Taste of the Spider
自分で作ったものながらなんと不味い食事だろうかと手にしたボウルを眺めて溜め息をつくアリスターの肩を、つんつんと何者かがつついた。
どうせまたソロナがこのゴミ・スープの味について文句をつけようとしているに違いない。億劫そうに振り向いた彼の眼前に、巨大なクモが口を開けていた。

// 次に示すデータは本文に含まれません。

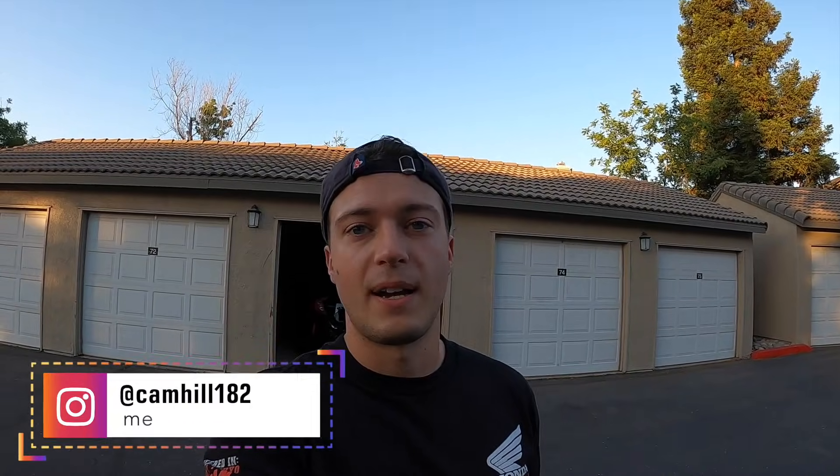Hey guys, hope you're having a nice day. I had a lot of fun last night playing with some of my subscribers — we played some Halo 3 Big Team Battle, me and Vivian. It was a lot of fun, and the next time I do that I will post it on my Instagram story so that you guys can catch it in time.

八つの目が「じゃあ、いただきます」とでも言いたげにアリスターを見つめている。
「うわああああっ!!」
座り込んだままガサガサと後退りする姿を笑うかのごとくクモの体が揺れる。その震動で篩にかけられたように体が縮んで形を変えてゆき、ぐにゃりと歪んだ次の瞬間アリスターの目の前には笑い転げるソロナの姿があった。
「そこまで驚くかね、ビビリのアリスター君!」
「振り向いていきなり巨大クモが口開けてたら驚くに決まってるだろ!?」
小心男、無神経女と罵り合う二人の声がキャンプに響き、目を吊り上げたモリガンはスープを持って少し離れた自分のテントに避難した。他の仲間たちは皆もういつもの事だと諦めてそれぞれ食事に集中している。
未だショックから立ち直れない心臓のあたりを撫でて宥めて、アリスターは相棒のグレイ・ウォーデンをねめつけた。彼女にからかわれるのはしょっちゅうだが食事中の悪戯だけは許しがたい。例え口にするのがまずい自作スープであっても貴重な憩いの時間だというのに。
大体ソロナは最近モリガンに教わったという変身魔法をやたらめったら使いすぎだ。あれは絶対に戦術ではなくオモチャとして気に入っているに違いない。
基本的に何もしないあの荒野の魔女はまったく、たまに働いたかと思えば余計なことしかしやしない、ただでさえ面倒なソロナにこんな厄介な遊びを教えやがってと口の中でモゴモゴ悪態つくアリスターを白けた様子で眺めると、ソロナは手にした杖を掲げてみせた。
またクモに変身するのかと慌てて身構える彼を腹抱えてゲラゲラ笑う彼女。わりと短気なウィンも騒音に耐えかねてテントに引っ込んでしまった。
「あーっ、もう頭にきた! 戦場でいきなりクモだのクマだの出てきて驚かされるのはなんとか慣れるようにするけど、キャンプで変身するなよ! 何の意味もないだろ?」
魔法ならせめて戦いの場で役立てろと説教するアリスターに、反省するどころかふんぞり返ってソロナが言うには、こうだ。
「飯時に変身するのは良い活用法なんだぞ。クモの味覚ならあんたの飯でも美味しく感じる」
それって失礼なんじゃないかしら。クモに対してかい? なんて暢気なレリアナとゼブランの会話も耳に入らない様子で、アリスターは本気で衝撃を受けていた。
「こ、これが美味く感じるのか? すごいな」
「何でも美味いよ。ゴミでもミミズでもアリスター飯でも」
「うわあ、羨ましいような羨ましくないような……」
されども美食が極端に不足しているこのパーティ、何食ってもゴミ食っても美味というのは得難い恩恵なのである。俺もその魔法ほしい、無理だしあんた魔法消す側だし、魔道士ってヤツは本当に小狡いなぁオイ、うるせえテンプラ野郎、なんだと背教者!
さらなる盛り上がりを見せる掛け合い、夜も更けたというのに一向に静まる気配のないガキウォーデン二人。我慢の限界がきたモリガンによって荒野仕込みのコーンオブコールドが炸裂した。
翌朝、あのウィンが犬猿の仲であるモリガンに頭を下げて変身魔法の教えを請うという珍しい光景を目撃し、終始寝ていて顛末を知らないオグレンが驚愕した。おいしい食事というのは誰にとっても、プライドなんかよりずっと重大事なのだった。
騒動への不介入を貫いたスタンがマバリに餌をねだられる横、ウォーデン二人は朝陽の中でまだ凍っていた。